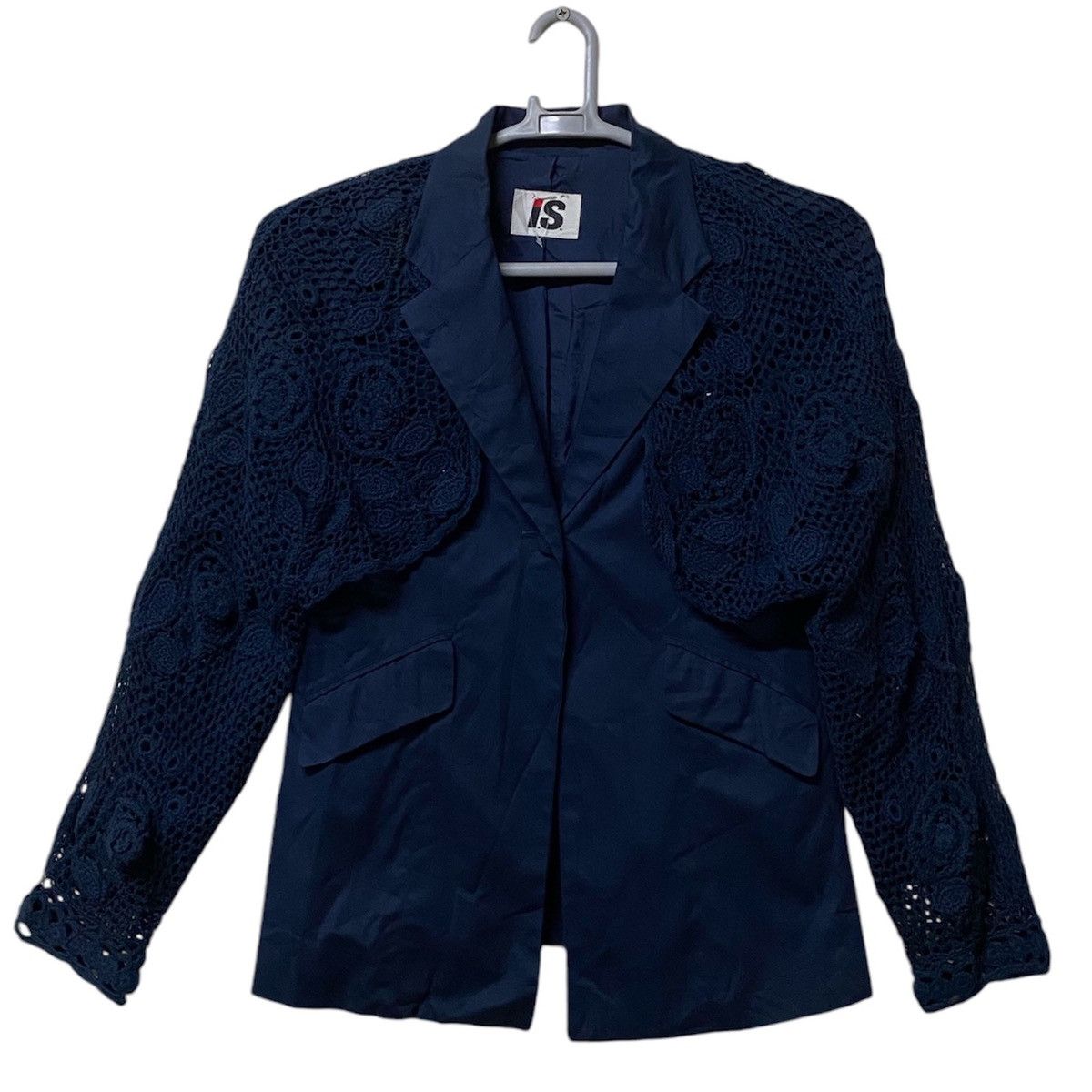 Issey Miyake ISSEY MIYAKE Light jacket Made in Japan knit Size M / US 6-8 / IT 42-44 - 1 Thumbnail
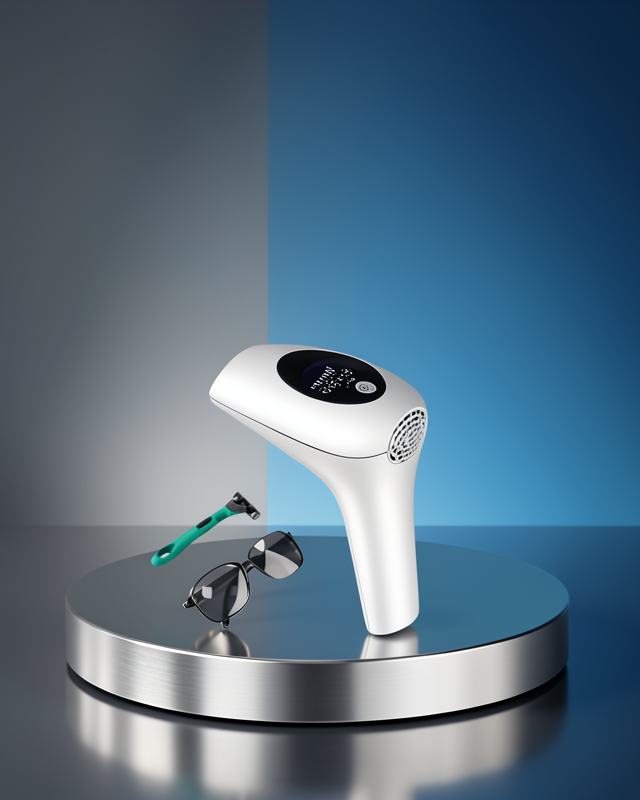 IPL Lazer Epilasyon Cihazı 5 Seviyeli Enerji Ayarı HS-262
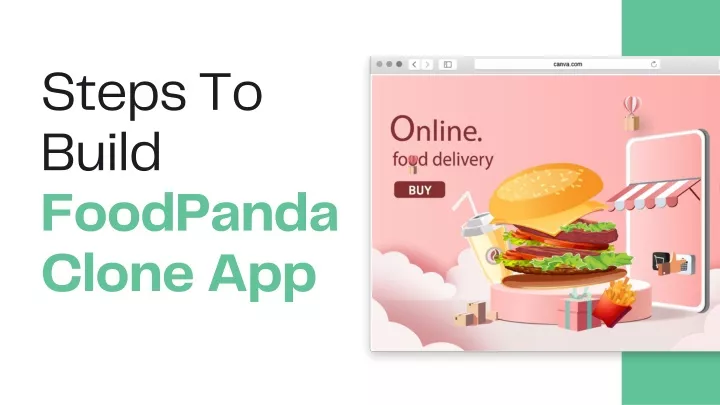 steps to build foodpanda clone app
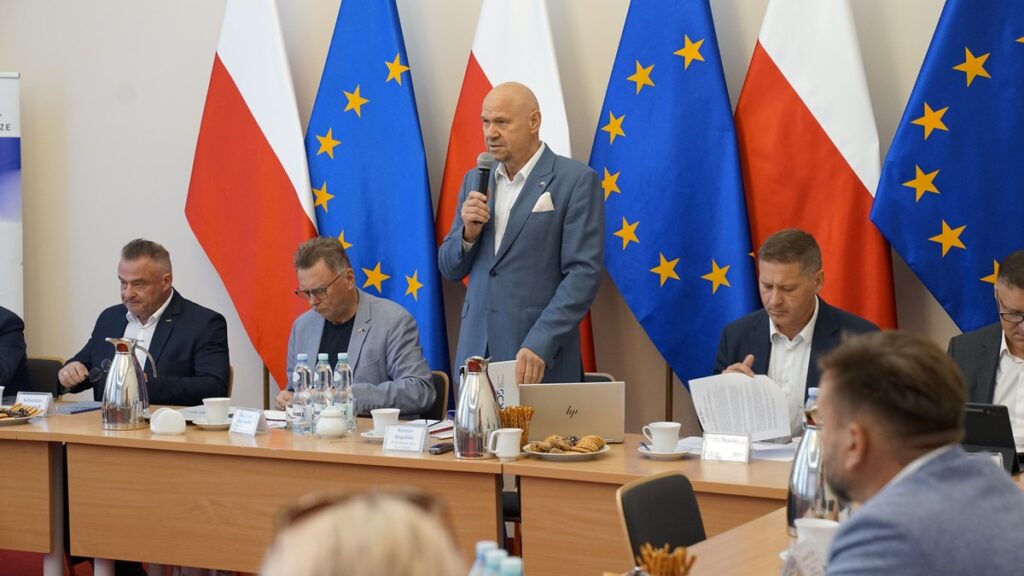 Posiedzenie plenarne K-P WRDS 24.09.2025 r., fot. UMWKP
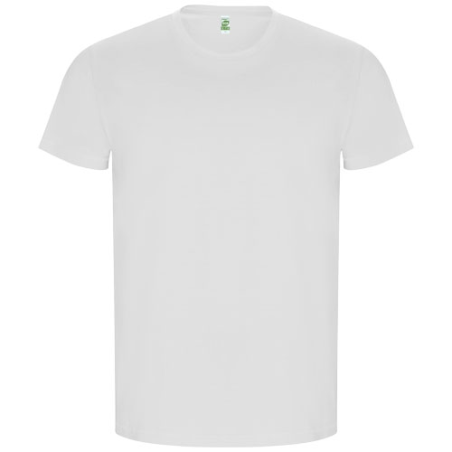 T-shirt personnalisable en coton bio 160 g/m² Golden pour homme - S à 3XL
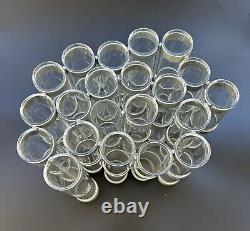 Vintage Paris Tse & Tse Tubular Adjustable Hinged Glass Flower Vase France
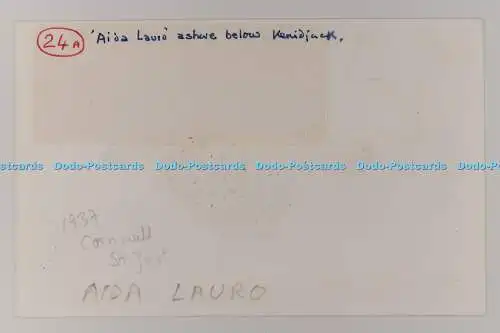 C029317 Versand. Aida Lauro. Altes Foto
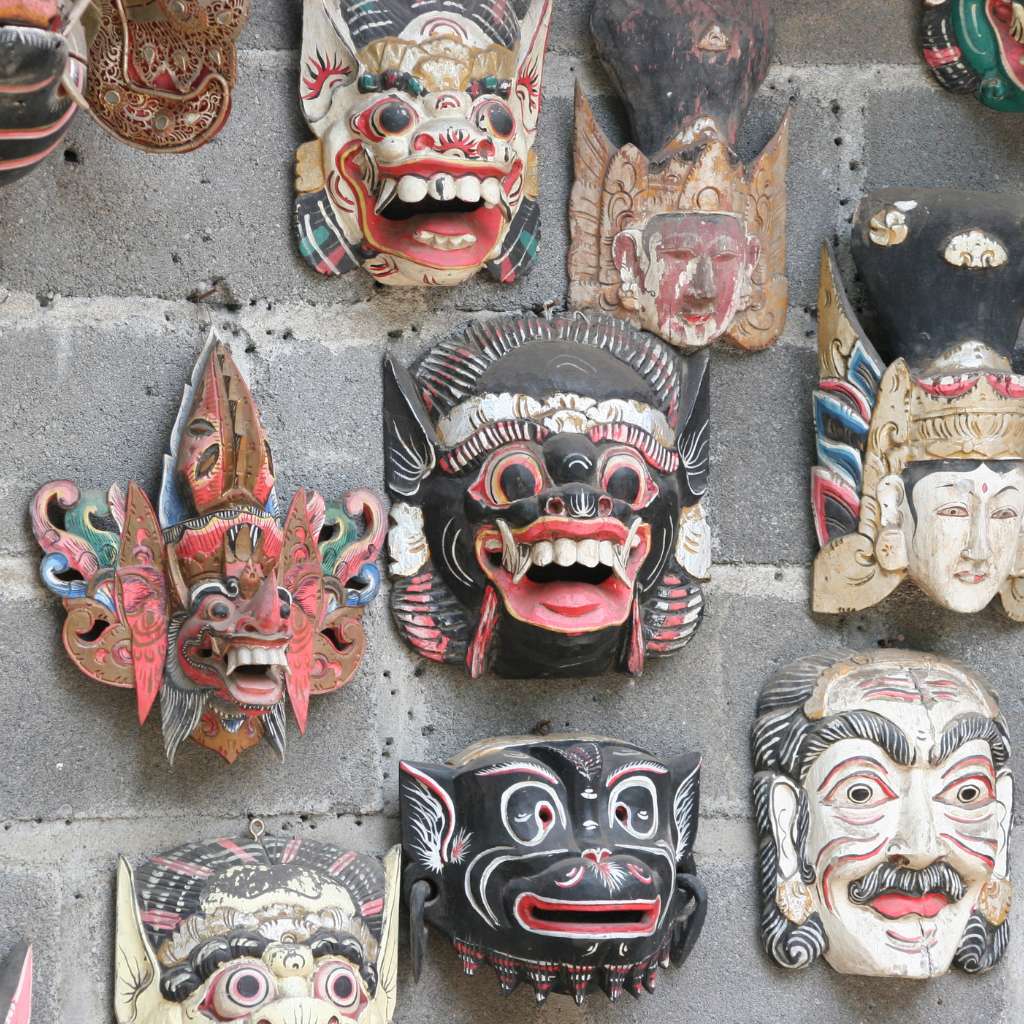 the history of balinese mask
════════════════
## Try it
An exact copy of all the data above is required; omit any pictures.

## Completed task
 Issey Miyake ISSEY MIYAKE Light jacket Made in Japan knit Size M / US 6-8 / IT 42-44 - 1 Thumbnail
 IPL Lazer Epilasyon Cihazı 5 Seviyeli Enerji Ayarı HS-262
 steps to build foodpanda clone app
 Posiedzenie plenarne K-P WRDS 24.09.2025 r., fot. UMWKP
 T-shirt personnalisable en coton bio 160 g/m² Golden pour homme - S à 3XL
 Vintage Paris Tse & Tse Tubular Adjustable Hinged Glass Flower Vase France
 C029317 Versand. Aida Lauro. Altes Foto
 the history of balinese mask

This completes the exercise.